A man was once rock climbing without a rope or aids by himself in a highly elevated area. The rocks were smooth and the cliff was straight up and down. The man liked risks and, when the area became covered in thick fog, he still took the chance and began to descend.
As the man descended, the fog got thicker until, eventually, the man couldn’t even see the rock in front of him. For minutes the man tried to think of a way to get back up. He had descended well over 1,000 feet and there was no way he could make it all the way up without seeing decent footholds.
Finally, after a few minutes, the man became so terrified that he decided that clinging onto the rock face until morning came was his only hope.
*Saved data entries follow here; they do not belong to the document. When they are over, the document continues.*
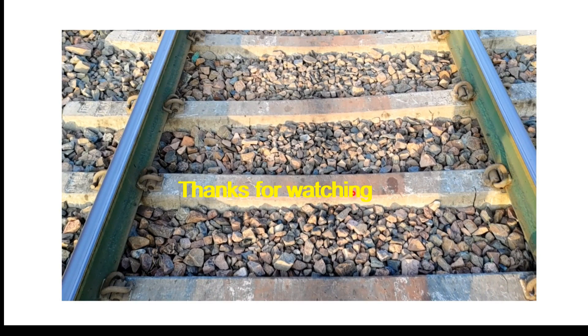So friends, thank you very much for watching this video. I hope you liked it. If you have any doubt or question, you can write in the comment box.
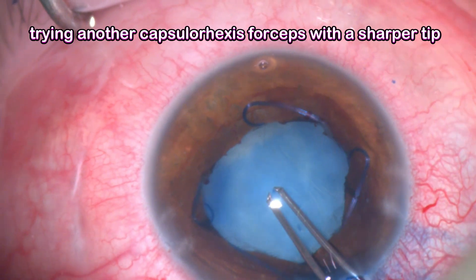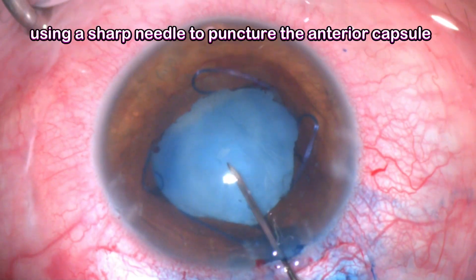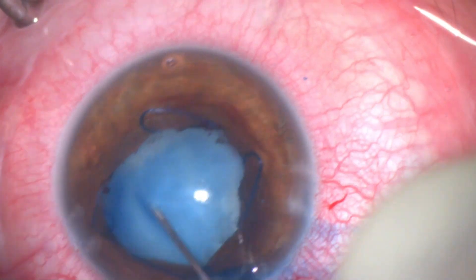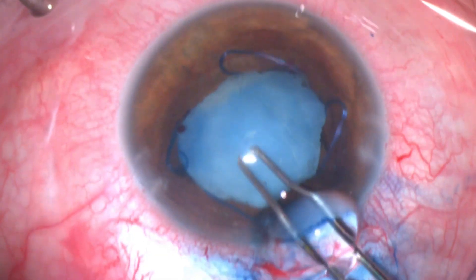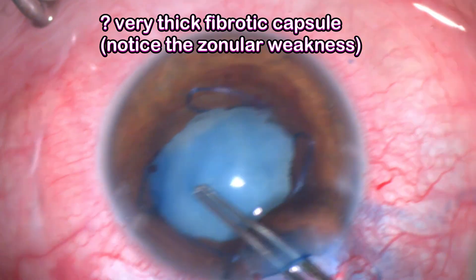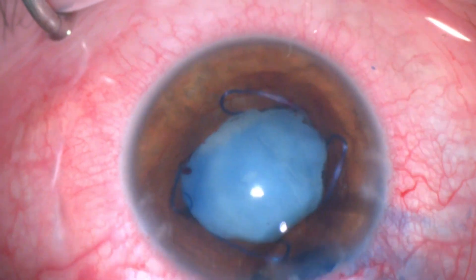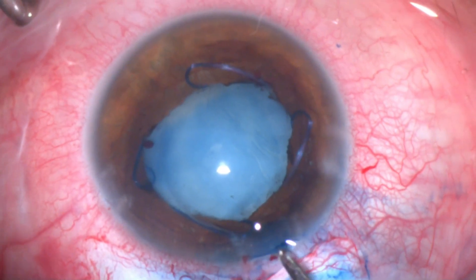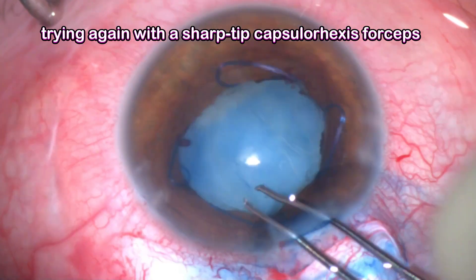When I tried to hold it with capsulorrhexis forceps I couldn't open it — I tried multiple times. I then moved to try a sharp needle tip, then grasped it again with the capsulorrhexis forceps. The capsule is very thick and fibrotic, and any trial to open it stresses the already very weak zonular complex.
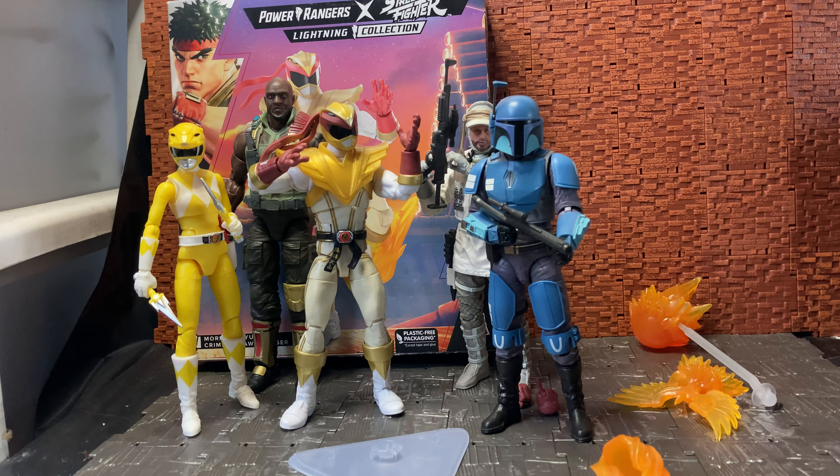Chun-Li is the other figure currently available. There is a wave two which I believe includes Cammy and Ken, both as morphed rangers as well. They're either shipping soon or hopefully releasing early next year — at the time of recording it's just near Christmas 2022, so probably 2023 when they get released. Hopefully they do get released shortly.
The night grew colder but the man didn’t move. The fog grew thicker and had no intention of letting go. All through the night the man kept talking himself out of letting go or trying to maneuver down and hoping the bottom was near. Many times he was sure that he heard a voice tell him to let go. He didn’t listen; instead he clung harder to the rocks.
When the morning sun rose and burned off the fog, the man was exposed to the warmth of the sun. Within an hour the man’s frozen, but thawing body, slipped from the rock and landed on the ground . . . three feet below where he had spent the night. The dead body of the man who had waited all night was discovered shortly later that day.
If that man had a little faith he would have been able to stretch out his legs and touch the ground . . . instead he perished.
Now faith is the substance of things hoped for, the evidence of things not seen.